Changes in travel, psychosocial burden and adverse mental health among people seeking abortion pre- and post-Dobbs v Jackson Women’s Health Organization
Abortion
Awarded 2024
Traveling to abortion care, post-Dobbs
M. Antonia Biggs, PhD
University of California, San Francisco
$250,000

Background: Since the Dobbs v Jackson Women’s Health decision, more people travel across state lines to access facility-based abortion care. However, interstate travel can come at an emotional and financial cost, disproportionately affecting the most structurally oppressed and marginalized individuals. As part of our 2019 pre-Dobbs Burden Study, we documented how psychosocial burden accessing facility-based abortion care (i.e. structural challenges, reduced autonomy, pregnancy decision-making, concerns about other people’s reactions), unwanted disclosure about the abortion decision due to travel, and delay-causing obstacles, were associated with poorer mental health [1–5]. The proposed study will leverage existing pre-Dobbs data to document changes since Dobbs in these key psychosocial outcomes and explore whether social location is associated with differential changes in study outcomes.
Methods: Using a pre-post comparison group design, we will build on pre-Dobbs Burden Study data (N=784) and recruit an additional 800 post-Dobbs patients (total N>~1,500) seeking abortion from five clinics in California, Illinois and New Mexico.

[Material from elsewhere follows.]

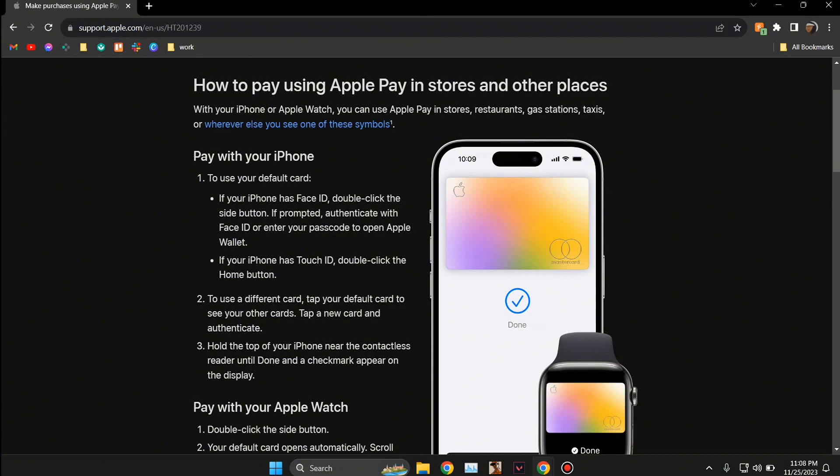on whatever app you want to buy or anything. Once you click on the buy button, it's going to ask you for your Face ID, or if you have any type of password, then that password security. So once you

We will use multivariable regression analyses with group (instate vs out-of-state) by time (pre-Dobbs vs post Dobbs) as the primary independent variable to document changes in travel, psychosocial burden, adverse mental health, and other outcomes since Dobbs.
Conclusions: This study will contribute novel and robust quantitative evidence on the psychosocial impact of interstate travel for abortion care due to Dobbs. Findings will inform strategies to facilitate access to abortion care among people who need to travel and support future qualitative work to explore more deeply people’s travel experiences and support people’s psychological and emotional well-being.